### Problem details
What should be copied is the stretch of entries below from the line with "Luxury Room Bedroom, Bedroom" up to and including the line with "Subaru Impreza Streetwear Hoodie| @subie_cmo", exactly and without images.

Records from a data collection
▼▼▼
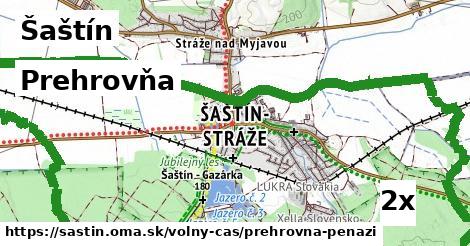 Prehrovňa, Šaštín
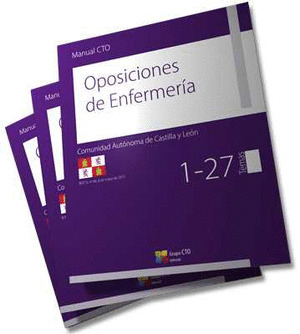 MANUAL CTO OPOSICIONES DE ENFERMERIA PARA CASTILLA LEON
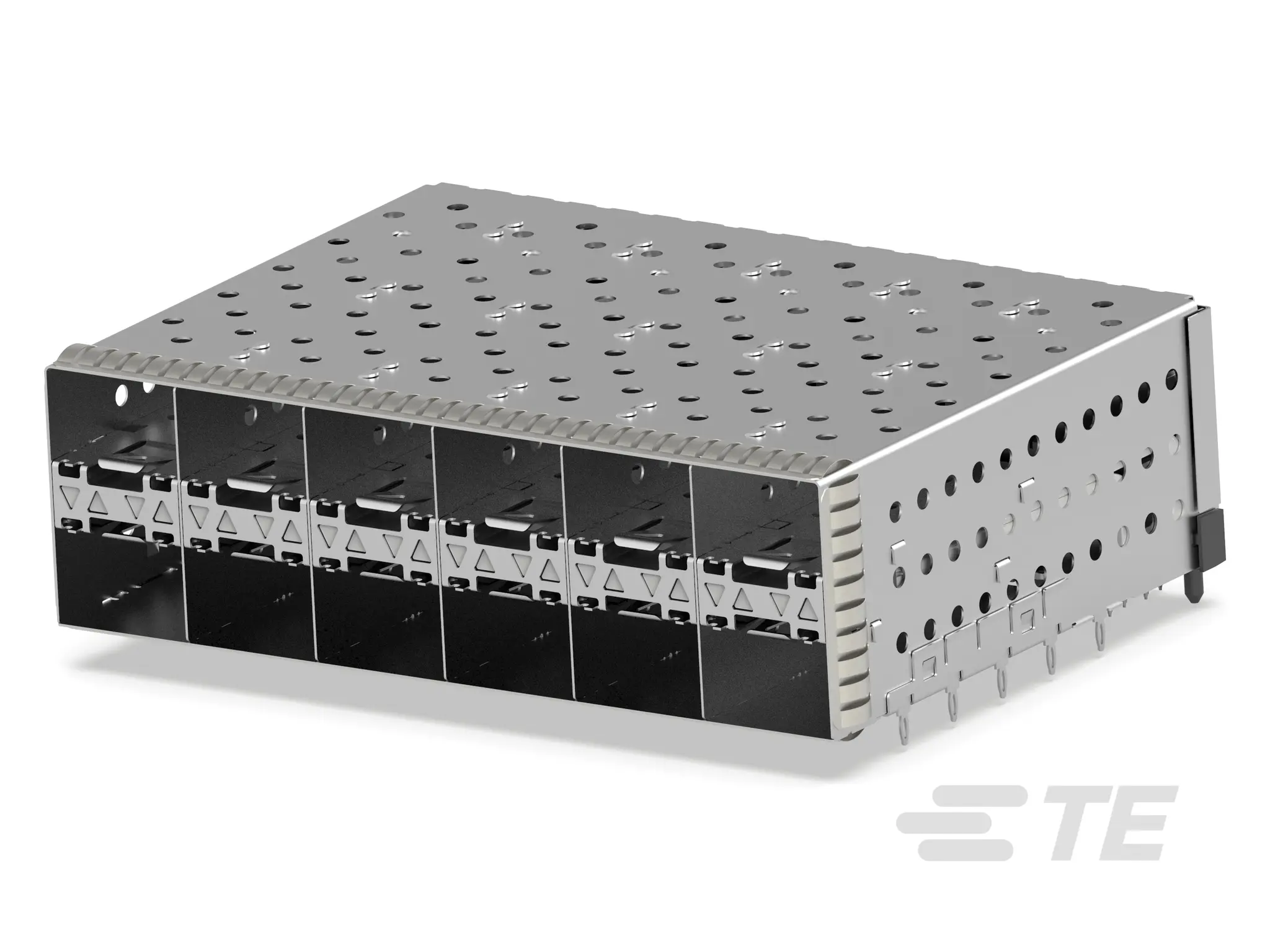 Produktfoto 1 von TE Connectivity SFP28 SFP Steckverbinder, Käfig SFP+, 12-fach 240-polig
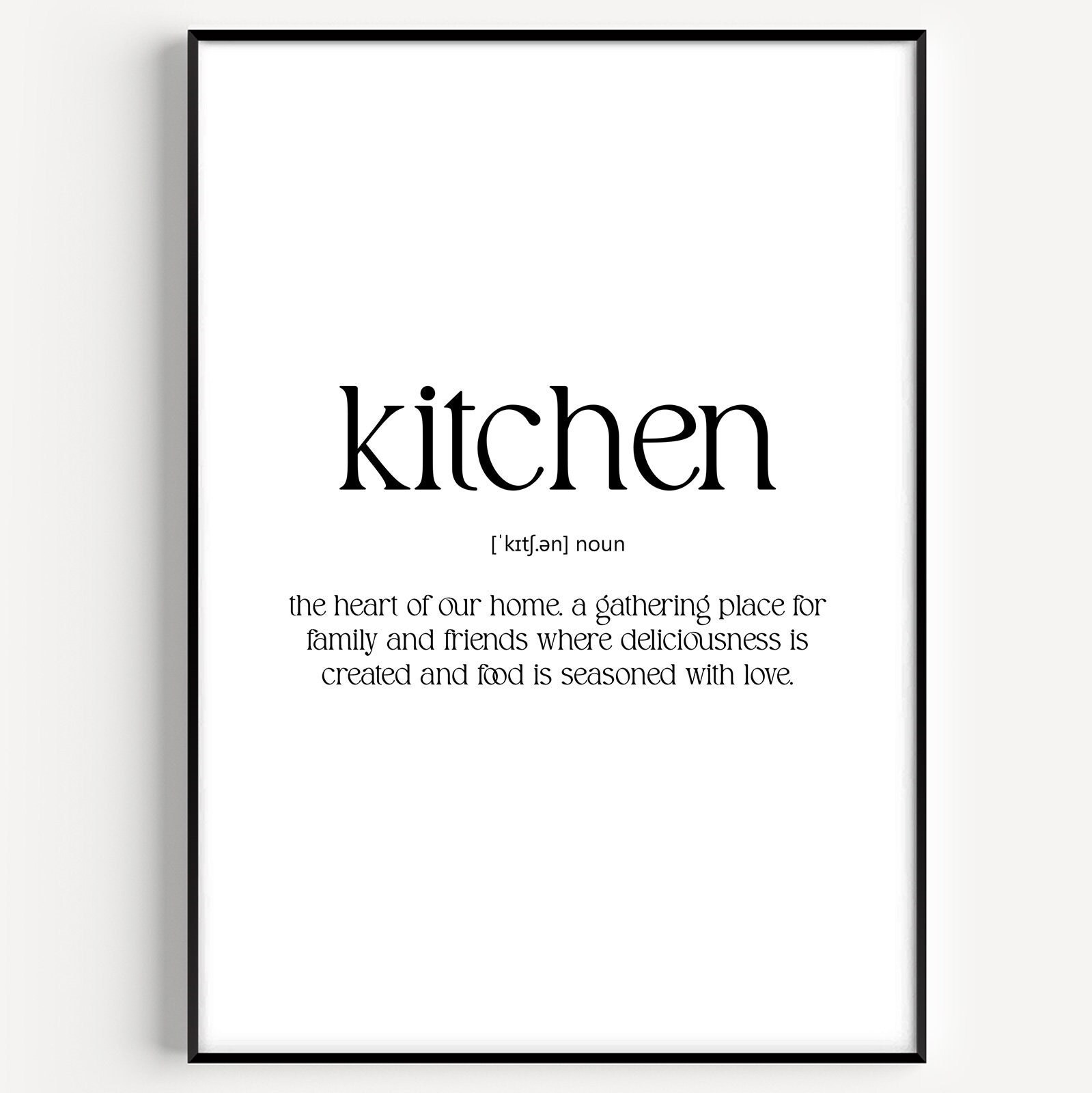 Kitchen Full Form Kitchen Definition Print - Etsy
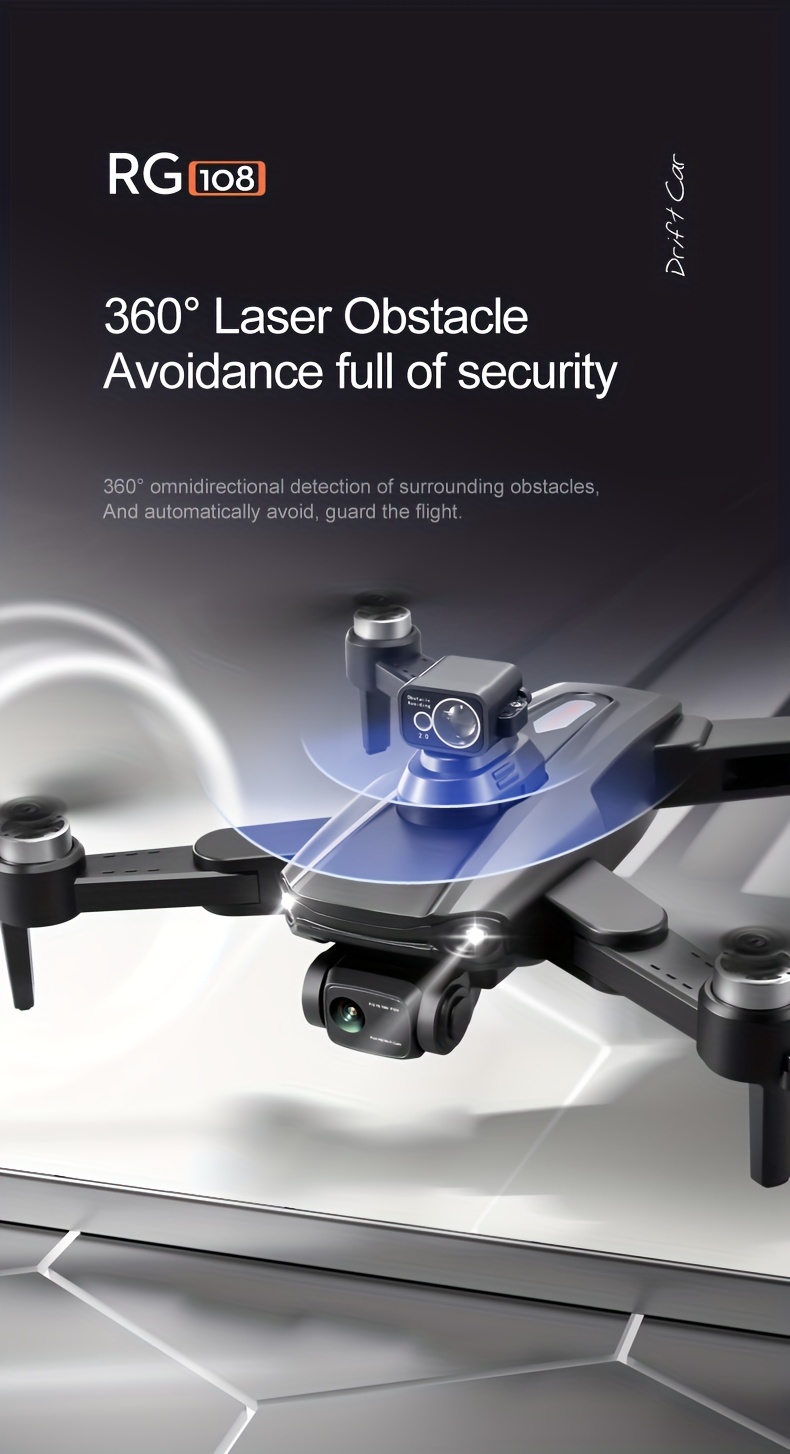 foldable drone with dual camera gps wifi led screen obstacle avoidance and more details 2
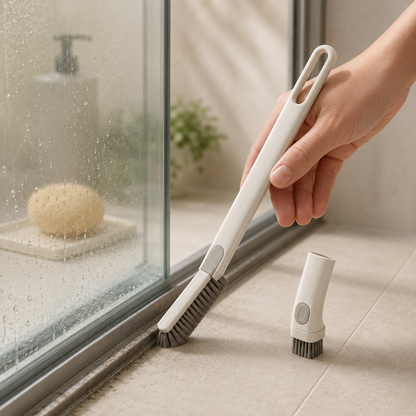 Window Track Cleaning Brush for Sliding Doors, Shower Doors & Narrow Grooves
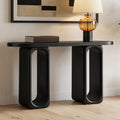 Christopher Knight Home Arliss Modern Art Console Table Sculptural Oval Cutout Base Thick Rounded Tabletop 50 L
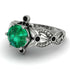 Nature Inspired Emerald Ring - Sandra No. 36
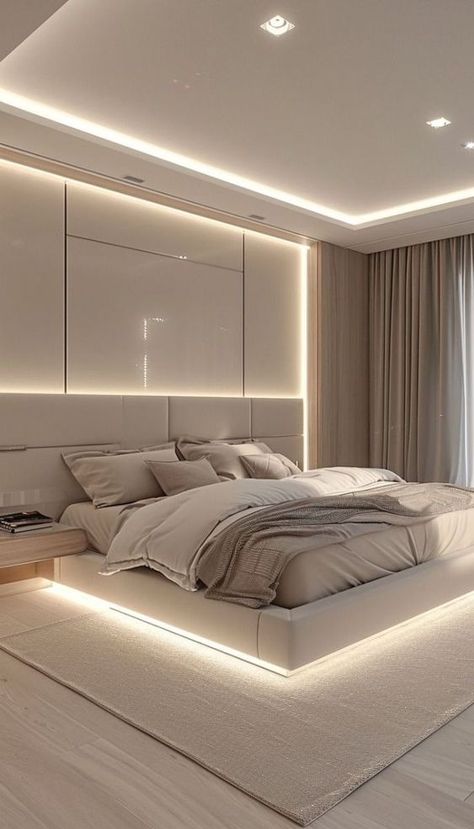 Luxury Room Bedroom, Bedroom Interior Design Luxury, Modern Luxury Bedroom, تصميم للمنزل العصري, Luxury Bedroom Design, Bedroom False Ceiling Design, Bedroom Deco, Ceiling Design Bedroom, Bilik Tidur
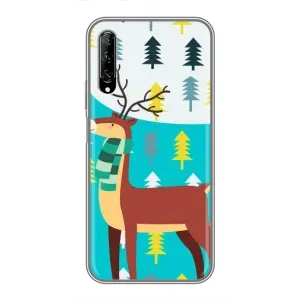 Силіконовий бампер з картинкою звірів для Huawei Y7 Pro 2019 (Олень із шарфом)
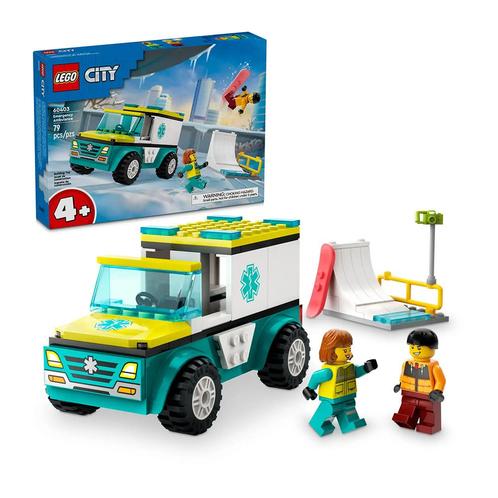 LEGO City - Emergency Ambulance and Snowboarder 60403, Kinderen en Baby's, Speelgoed | Duplo en Lego, Ophalen of Verzenden
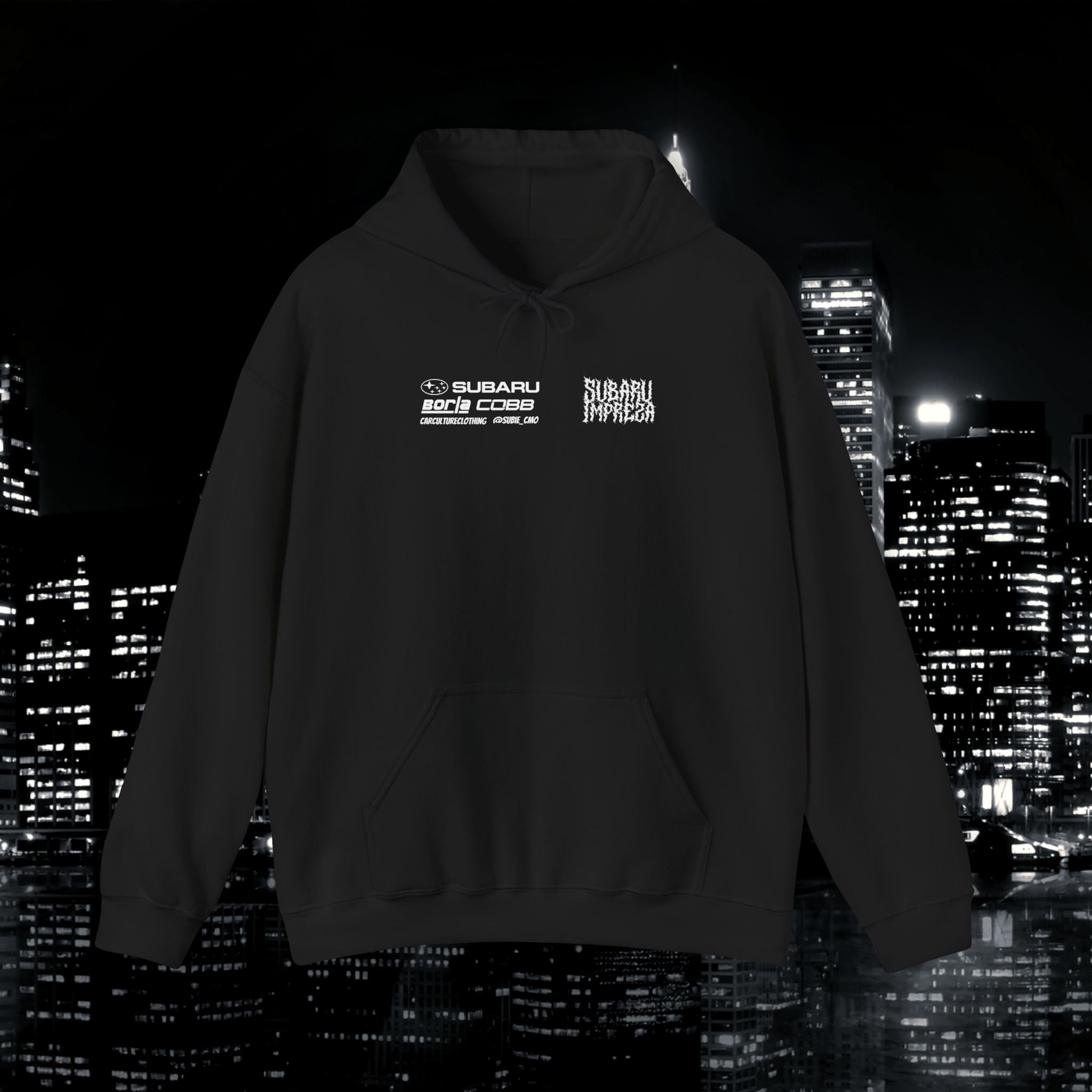 Subaru Impreza Streetwear Hoodie| @subie_cmo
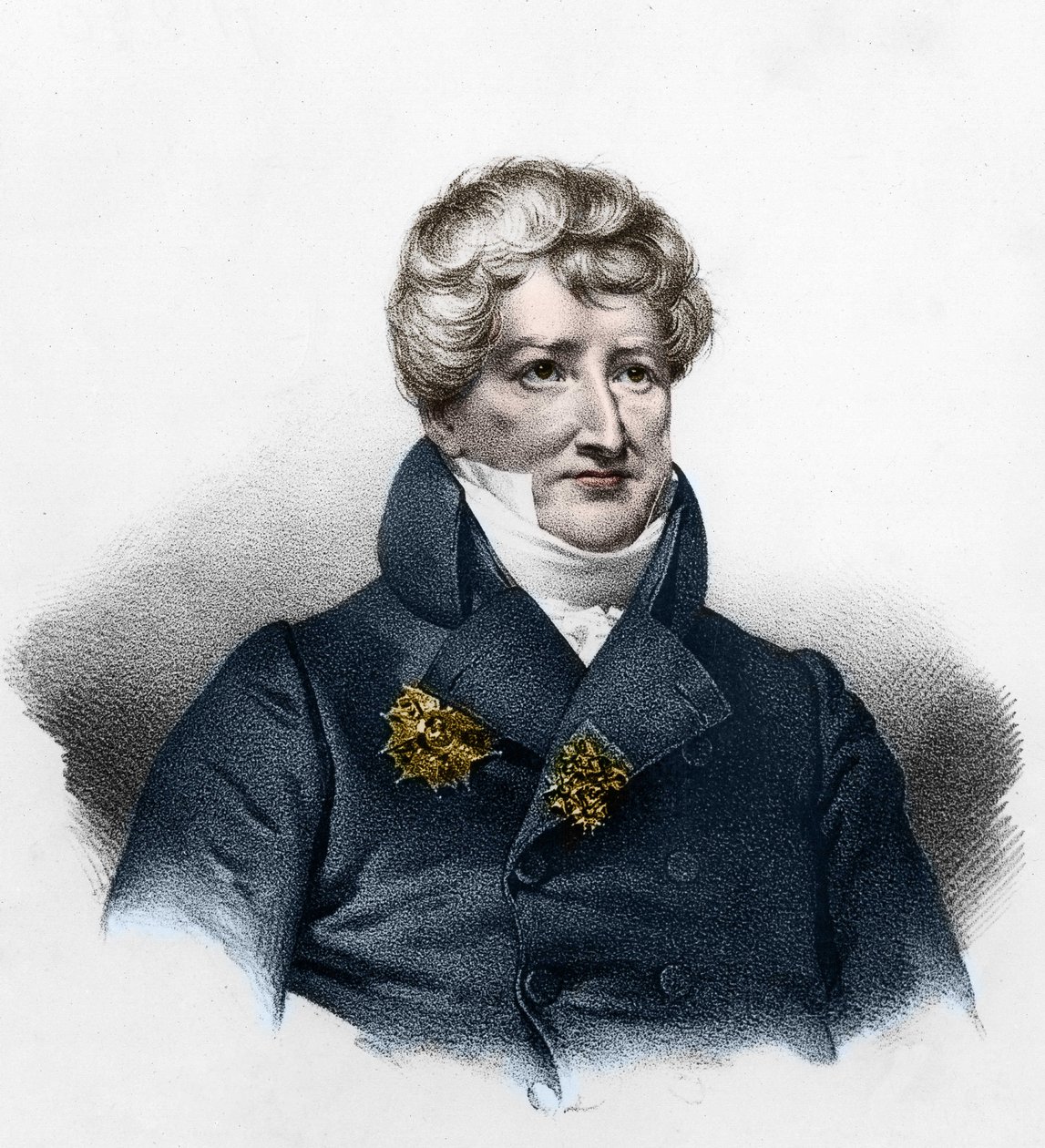 Portrait of Georges Cuvier (1764-1832), French paleontologist. av French School
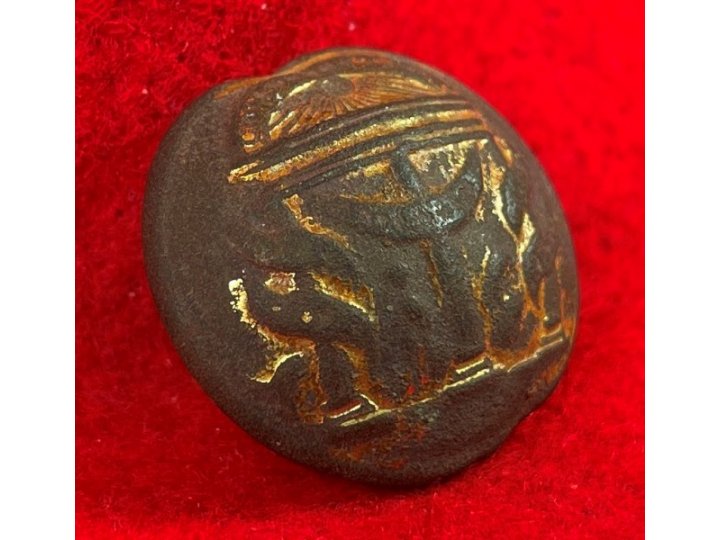 Georgia State Seal Coat Button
▲▲▲
### Completed task
 Luxury Room Bedroom, Bedroom Interior Design Luxury, Modern Luxury Bedroom, تصميم للمنزل العصري, Luxury Bedroom Design, Bedroom False Ceiling Design, Bedroom Deco, Ceiling Design Bedroom, Bilik Tidur
 Силіконовий бампер з картинкою звірів для Huawei Y7 Pro 2019 (Олень із шарфом)
 LEGO City - Emergency Ambulance and Snowboarder 60403, Kinderen en Baby's, Speelgoed | Duplo en Lego, Ophalen of Verzenden
 Subaru Impreza Streetwear Hoodie| @subie_cmo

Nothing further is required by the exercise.